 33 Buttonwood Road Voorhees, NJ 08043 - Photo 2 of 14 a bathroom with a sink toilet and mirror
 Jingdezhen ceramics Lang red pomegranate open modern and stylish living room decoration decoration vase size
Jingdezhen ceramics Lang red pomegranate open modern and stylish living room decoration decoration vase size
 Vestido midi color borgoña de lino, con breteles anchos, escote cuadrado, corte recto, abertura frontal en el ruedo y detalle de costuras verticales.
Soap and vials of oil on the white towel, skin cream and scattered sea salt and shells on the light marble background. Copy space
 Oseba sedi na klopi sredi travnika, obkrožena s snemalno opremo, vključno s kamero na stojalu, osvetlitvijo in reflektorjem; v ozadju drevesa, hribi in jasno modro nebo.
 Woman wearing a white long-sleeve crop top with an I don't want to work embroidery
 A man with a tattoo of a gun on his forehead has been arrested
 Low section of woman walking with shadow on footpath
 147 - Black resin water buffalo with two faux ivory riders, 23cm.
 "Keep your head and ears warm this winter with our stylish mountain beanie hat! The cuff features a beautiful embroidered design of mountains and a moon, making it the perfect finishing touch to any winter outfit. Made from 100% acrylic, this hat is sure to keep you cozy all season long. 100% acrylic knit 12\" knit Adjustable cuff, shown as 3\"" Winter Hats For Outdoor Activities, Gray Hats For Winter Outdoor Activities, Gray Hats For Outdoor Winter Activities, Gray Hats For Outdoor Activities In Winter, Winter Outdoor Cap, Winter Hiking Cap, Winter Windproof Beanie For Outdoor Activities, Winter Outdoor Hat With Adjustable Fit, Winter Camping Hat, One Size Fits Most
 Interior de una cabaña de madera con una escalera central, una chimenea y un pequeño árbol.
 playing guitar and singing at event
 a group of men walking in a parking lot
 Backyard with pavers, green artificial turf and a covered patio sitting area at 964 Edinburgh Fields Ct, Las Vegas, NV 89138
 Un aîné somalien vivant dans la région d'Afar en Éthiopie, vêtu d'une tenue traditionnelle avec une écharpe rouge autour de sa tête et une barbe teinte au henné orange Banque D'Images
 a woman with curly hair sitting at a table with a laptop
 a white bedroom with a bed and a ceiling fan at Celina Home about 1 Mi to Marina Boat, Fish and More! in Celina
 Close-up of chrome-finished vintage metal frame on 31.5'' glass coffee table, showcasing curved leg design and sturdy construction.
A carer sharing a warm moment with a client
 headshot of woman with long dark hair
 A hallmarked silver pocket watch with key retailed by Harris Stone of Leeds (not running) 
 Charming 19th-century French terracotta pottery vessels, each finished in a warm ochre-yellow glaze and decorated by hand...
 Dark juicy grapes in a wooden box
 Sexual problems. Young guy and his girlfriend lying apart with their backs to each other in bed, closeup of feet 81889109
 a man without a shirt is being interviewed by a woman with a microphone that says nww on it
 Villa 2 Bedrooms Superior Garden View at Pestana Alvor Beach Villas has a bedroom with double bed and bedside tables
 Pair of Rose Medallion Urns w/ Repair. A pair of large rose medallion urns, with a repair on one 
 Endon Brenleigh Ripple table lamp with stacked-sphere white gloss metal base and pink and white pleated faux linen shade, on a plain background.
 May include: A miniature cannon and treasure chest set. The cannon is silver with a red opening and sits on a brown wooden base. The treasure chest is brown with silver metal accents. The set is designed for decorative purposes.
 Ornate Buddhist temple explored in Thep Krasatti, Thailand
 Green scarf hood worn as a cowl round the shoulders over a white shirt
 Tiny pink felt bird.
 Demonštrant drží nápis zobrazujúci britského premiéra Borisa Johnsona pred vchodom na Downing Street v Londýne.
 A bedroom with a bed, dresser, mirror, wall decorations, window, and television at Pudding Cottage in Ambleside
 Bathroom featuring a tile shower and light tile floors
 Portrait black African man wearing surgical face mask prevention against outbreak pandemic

####################

● What you have to do
Go through the material and copy every line in which the word "base" occurs.

● Solution
 Endon Brenleigh Ripple table lamp with stacked-sphere white gloss metal base and pink and white pleated faux linen shade, on a plain background.
 May include: A miniature cannon and treasure chest set. The cannon is silver with a red opening and sits on a brown wooden base. The treasure chest is brown with silver metal accents. The set is designed for decorative purposes.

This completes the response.